You do not see bonbori lighting very often these days unless you stay at a ryokan. The Botan no Hana is bonbori lighting crafted with a sashimono framework using Japanese cedar and covered by handmade Japanese paper from the Mino region. Today, most traditional bonbori lighting is made in Kyoto using Japanese cedar. The Japanese began using bonbori as pendant lighting around the Taisho and early Showa periods when andon lamps using candles and canola oil disappeared and electricity came into widespread use.
Despite the lighting’s relatively short history, the ambiance created by bonbori radiates a nostalgic Japanese atmosphere and distinct character, projecting an extraordinary presence. This Botan no Hana was carefully assembled by sashimono carpenters in Nagoya with Japanese paper handcrafted by artisans in the Mino region.
In the new modern space beyond the traditional ambiance, we wanted to express a modern presence with the design and soft lighting from Japanese paper. What makes this bonbori lighting different from others is the thin Japanese cedar frame. While the width of the frame for common bonbori is 7 to 8 mm, we thinned the frame to 5 mm in width. Since the thinner frame made it difficult to maintain the shape, we searched for the ideal relationship between width and depth for cedar materials and thinned the frame to the utmost limit.
Another challenge was that when covering the 5 mm wide cedar frame with washi paper on both sides, the paper runs off the edge without covering precisely because the area of adhesion of the washi is only 2.5 to 3 mm, which is thinner than the frame. An artisan spends three to four hours covering the bonbori with Japanese paper. This task of precisely covering the inside of a curved frame with washi paper truly requires patience.
For the overall shape, we wanted to preserve the gentle, circular shape of traditional bonbori lighting while maintaining a modern ambiance without strong Japanese elements. Our goal was to instill Japanese and fresh modern elements into the ambiance with a light filtered through Japanese paper. For the cedar frame, we created a line of curved wood to appear as if the shoulders were slightly lifted, adding a modern element to the standard shape.

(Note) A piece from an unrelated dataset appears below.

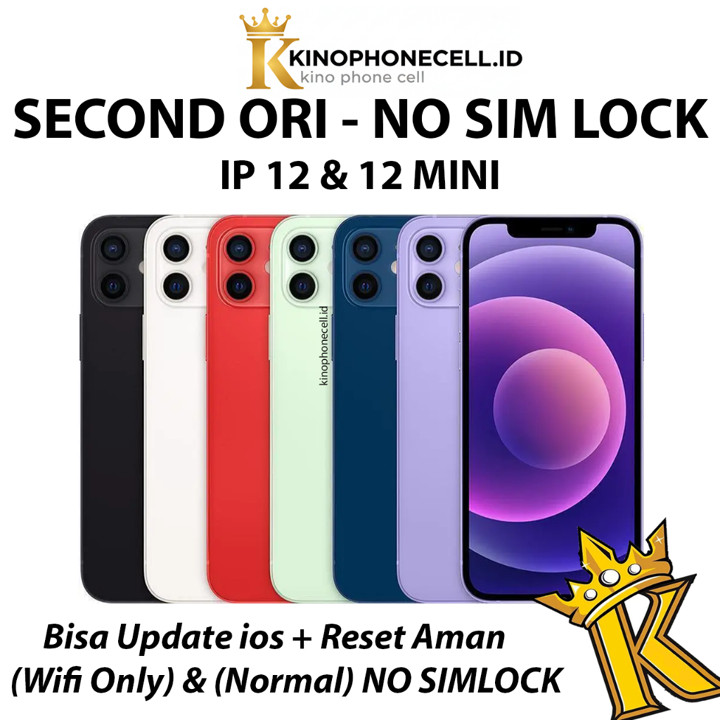 IPHONE 12 / IP 12 Mini inter Normal 64GB 128GB 256GB Smartph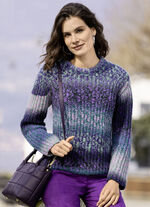 Pullover mit Alpaka und tollem Farbverlauf LILA-GRÜN-MULTICOLOR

Even with additional elements, we remained particular about the basic materials and assembly to secure the essential overall impression of bonbori lighting. This bonbori lighting is built with the thinnest Japanese cedar frame in history. We think that the slender cedar material gives the lighting a delicate atmosphere across the board. This Botan no Hana is an ensemble of the sashimono carpenter’s sophisticated skills and spirit to take on new challenges along with the beauty of washi paper crafted through genuine works by artisans from the Mino region.